The streets of Bethlehem

Here is something to consider with regard to that: Two thousand years ago there was pain, sin and strife in the world, yet this did not preclude Christ from entering into it.  In truth it was at the heart of why Christ entered into the world.  It is the same for our world in its present form.  The brokenness of our present world does not reclude God from being with us here and now or wherever we might be, whatever we might be doing.  Sin and strife do not keep God out.
The other thing to consider is that when Christ entered into the world He did not make the lives of those He encountered perfect.   Mary and Joseph’s lives did not become easier,; they became complicated and confusing, and yet they were profoundly aware that God was with them.  The Apostles were called and commissioned.  That did not free them from struggle or hardship, yet they drew strength from the awareness of God’s presence in their life and work.  The poor were not relieved of their poverty, the widow and orphan did not regain their husband or parent, but they came to know of God’s presence and compassion.  There were healings, sins were forgiven and the dead were raised to life, but it did not completely remove suffering, sin or death – yet it was known that God was with His people.

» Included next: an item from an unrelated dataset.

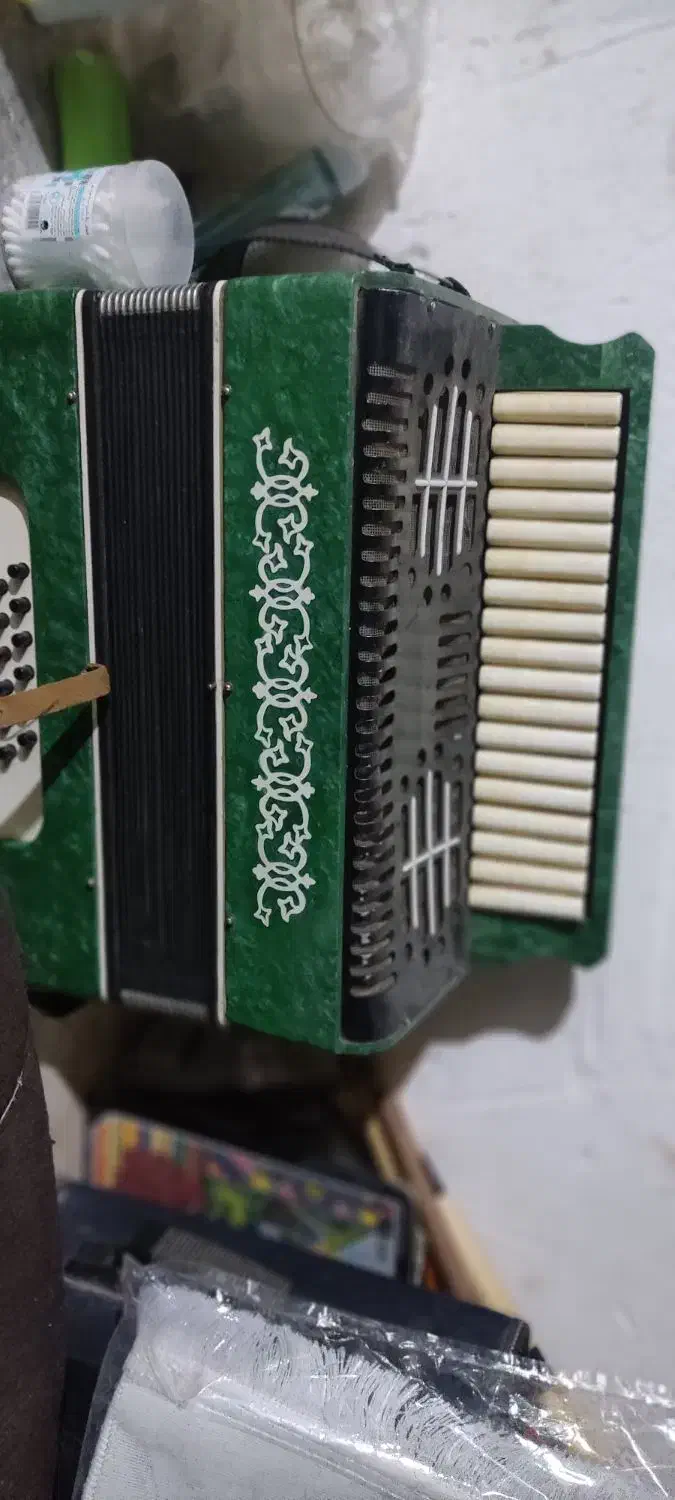 فروش این ساز|پیانو، کیبورد، آکاردئون|لردگان, |دیوار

The chapel in Shepherd's Field

Brothers and sisters, this is the great news that we celebrate this Christmas and every Christmas.  This is the good news that inspired the angels to sing out their hymns of glory.  It is the good news that brought the shepherds out of the field and to the side of the manger.  This is the good news that drew in the Magi from the East bearing gifts for a king.  It is the good news that we come around to year after year hoping to be drawn into a deeper peace and understanding that we might live in the light of its truth.  It is the news that God is with us. We are not unknown, we are not left alone, we are not without a God who loves us. 
Emmanuel.  God is with us, now and forever.